Restate exactly the lines of the entries below, beginning with the first and ending with the line that holds "Pokemon Center 85/102". Pictures are not copied.

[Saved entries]
++++++++++++++++++++
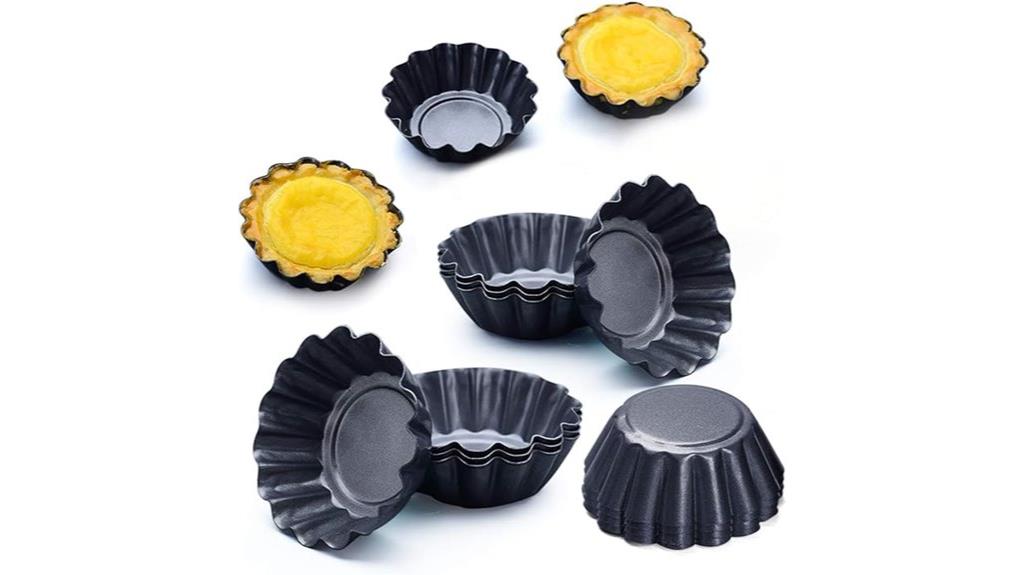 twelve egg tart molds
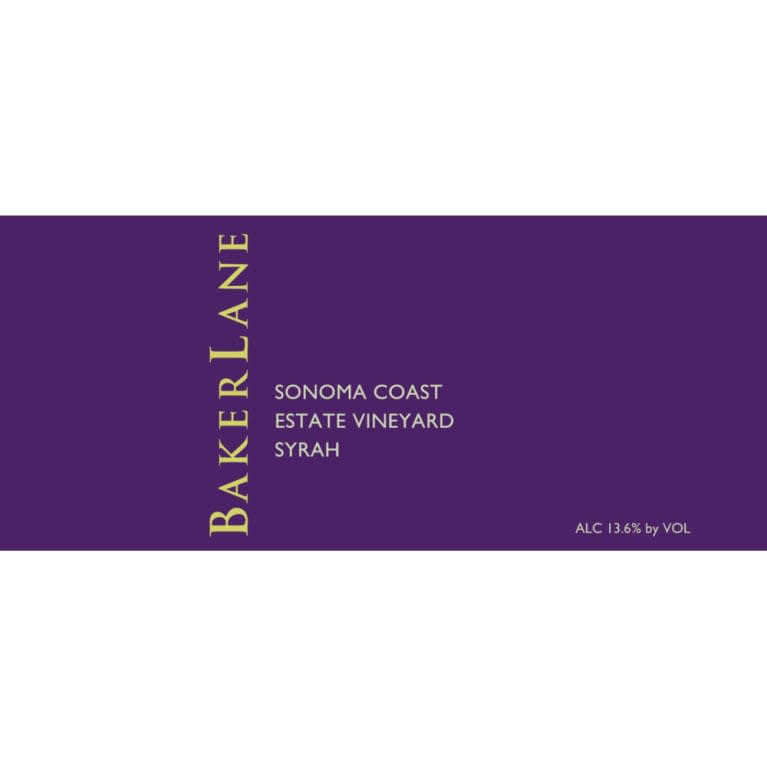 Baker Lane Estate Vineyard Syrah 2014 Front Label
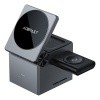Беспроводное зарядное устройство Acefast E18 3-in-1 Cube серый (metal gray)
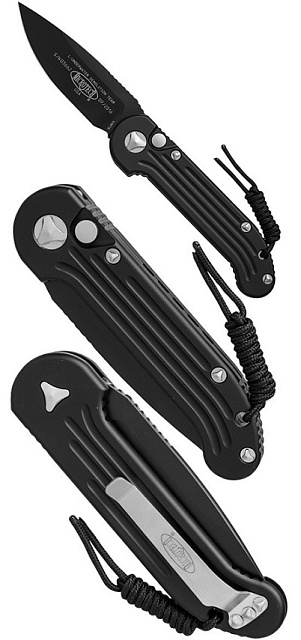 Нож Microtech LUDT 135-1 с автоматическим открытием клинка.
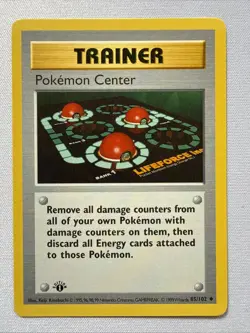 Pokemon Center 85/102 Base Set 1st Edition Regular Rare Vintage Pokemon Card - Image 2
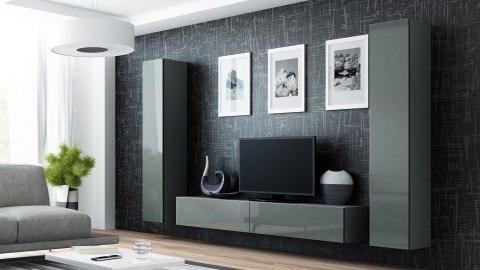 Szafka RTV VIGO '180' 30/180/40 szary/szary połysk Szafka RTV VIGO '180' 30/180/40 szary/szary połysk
++++++++++++++++++++
## Answer to this problem
 twelve egg tart molds
 Baker Lane Estate Vineyard Syrah 2014 Front Label
Беспроводное зарядное устройство Acefast E18 3-in-1 Cube серый (metal gray)
 Нож Microtech LUDT 135-1 с автоматическим открытием клинка.
 Pokemon Center 85/102 Base Set 1st Edition Regular Rare Vintage Pokemon Card - Image 2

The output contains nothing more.